To assess the effect of web-based IF administration, we have developed the “Brief Online Intermittent Fasting Program (OIF),” which features self-led fasting practice supported with meal delivery, online guidance, and app messages. The purposes of this pilot study were to evaluate the preliminary effectiveness, feasibility, and safety of the 12-week OIF on weight loss in adults with overweight and obesity in Japan. Secondary objectives were to assess its effects on body composition and metabolic markers.
Methods
Study Design
This pilot study is a 1:1 parallel-group randomized controlled trial (RCT) comparing the intervention group following the OIF with the control group receiving minimal care.
Participants and Setting
Eligibility Criteria
In order to benefit from weight reduction and ensure the safe and stable administration of the OIF, the following eligibility criteria were established.
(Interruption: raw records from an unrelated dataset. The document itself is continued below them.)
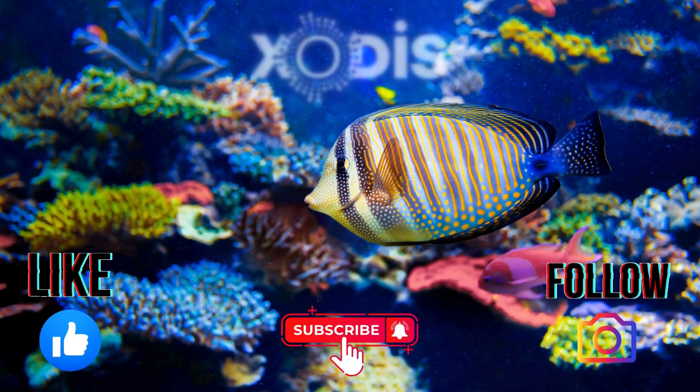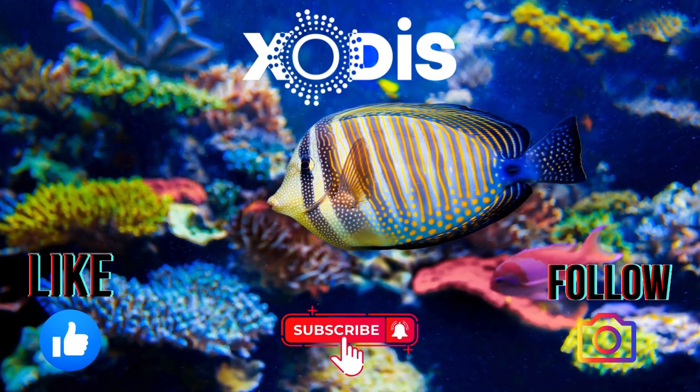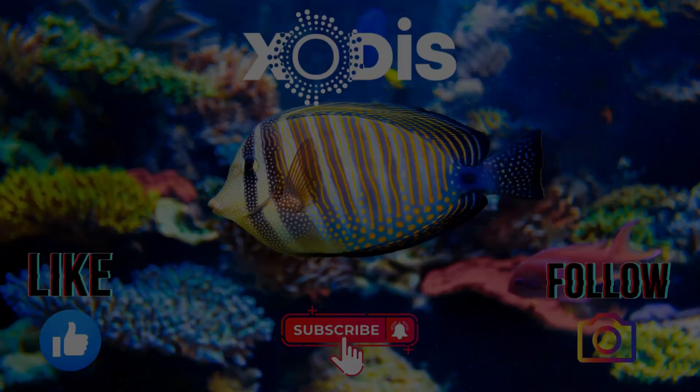So give that a try and see why ATI is one of the top labs in Europe. We'll see you next time. Bye!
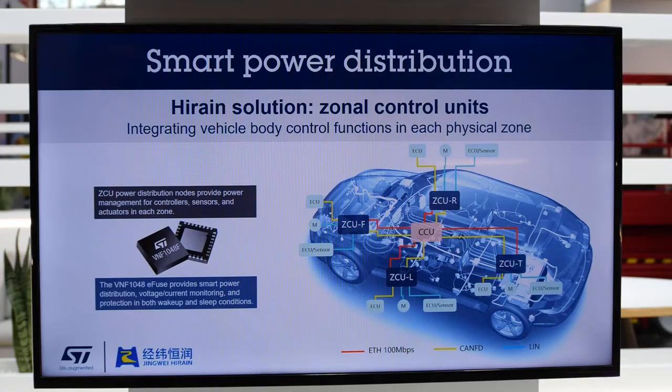Many car manufacturers are moving to smart power distribution as it opens a path to significantly reducing power losses and costs and increasing robustness. As the name implies, smart power distribution is responsible for routing electrical power to the various systems that drive a vehicle.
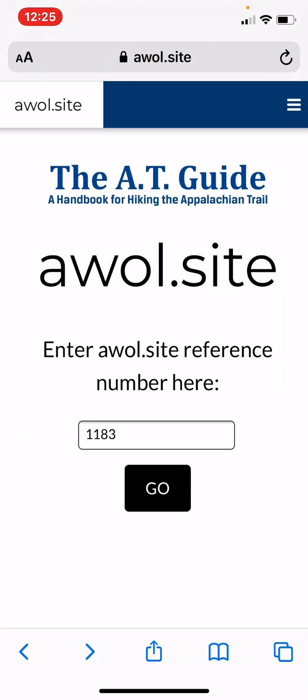We hope that's super useful for you guys. Again, please share this — we really want to get this functionality out into the public so it's common knowledge for everyone. AWOL.site. If you have any questions, call us. If you have any suggestions, we are all ears. We hope you enjoy and happy trails.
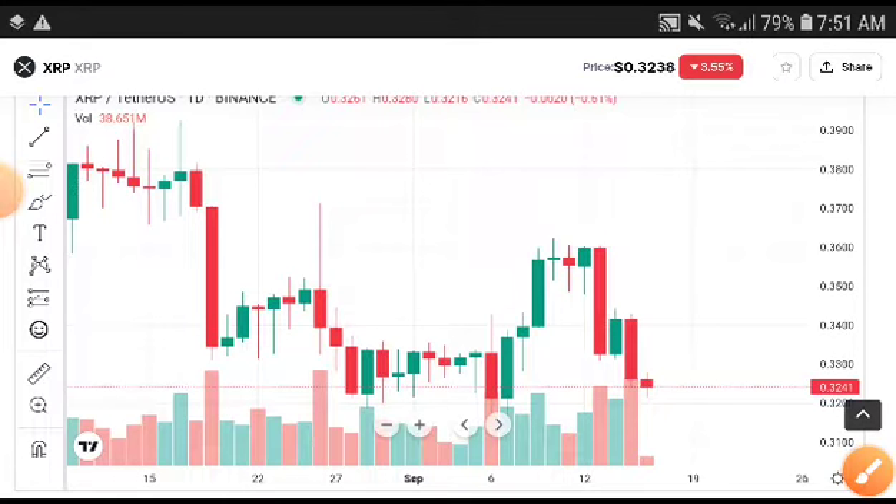This time you will need to take a risk and get a very huge profit. Take an entry and get a very good profit from XRP. Hope you enjoyed this video. For more videos like this, subscribe to this channel, and if you want to join the premium Telegram group, the link is in the description.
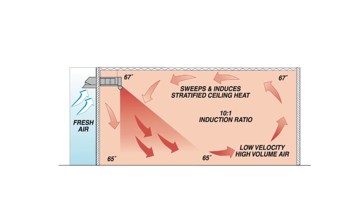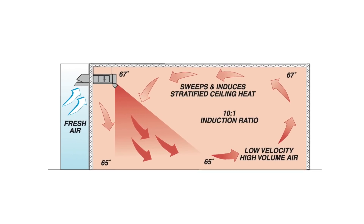We typically ran propeller type fans that got the heat down to the ground. That was not necessary when we installed the heater units.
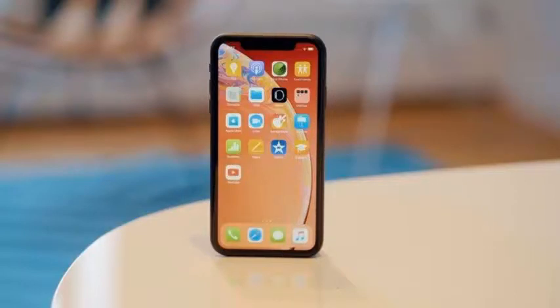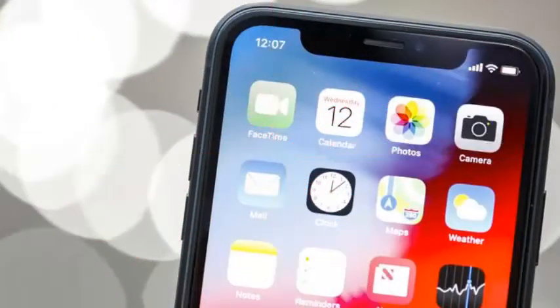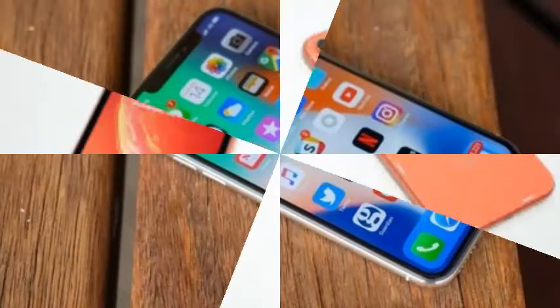In addition to all this, it has the best battery life of the three and comes in five different colors. The most controversial thing about the XR is its screen. At 6.1 inches, it sits between the smaller XS and the larger XS Max, but the main difference is that it is an LCD instead of an OLED.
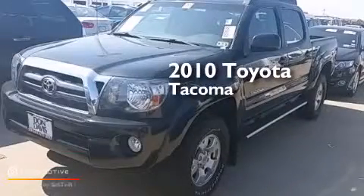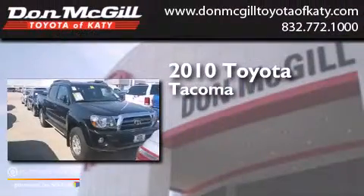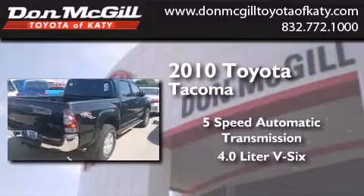This is a certified pre-owned 2010 Toyota Tacoma. This truck has a five-speed automatic transmission and a 4.0 liter V6.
The inclusion criteria are as follows: individuals with overweight or obesity and with a BMI between 23 and under 35, adults aged 20 years to less than 65 years at the time of consent, those capable of communicating in Japanese, owners of a smartphone with iOS or Android, those who were familiar with using apps on a smartphone and using email and Zoom (Zoom Video Communications, Inc) on either a smartphone or a personal computer, those willing to visit one of the research facilities twice, and consenting to provide blood samples through self-puncture at the measurements. We defined overweight as having a BMI of 23 or above, while the global standard for overweight is a BMI of 25 or above. This adjustment aligns with guidelines from the National Institute for Health and Care Excellence, which recommend lowering the overweight threshold to 23 for Asian populations to enhance metabolic disease prevention in populations with lower obesity prevalence [].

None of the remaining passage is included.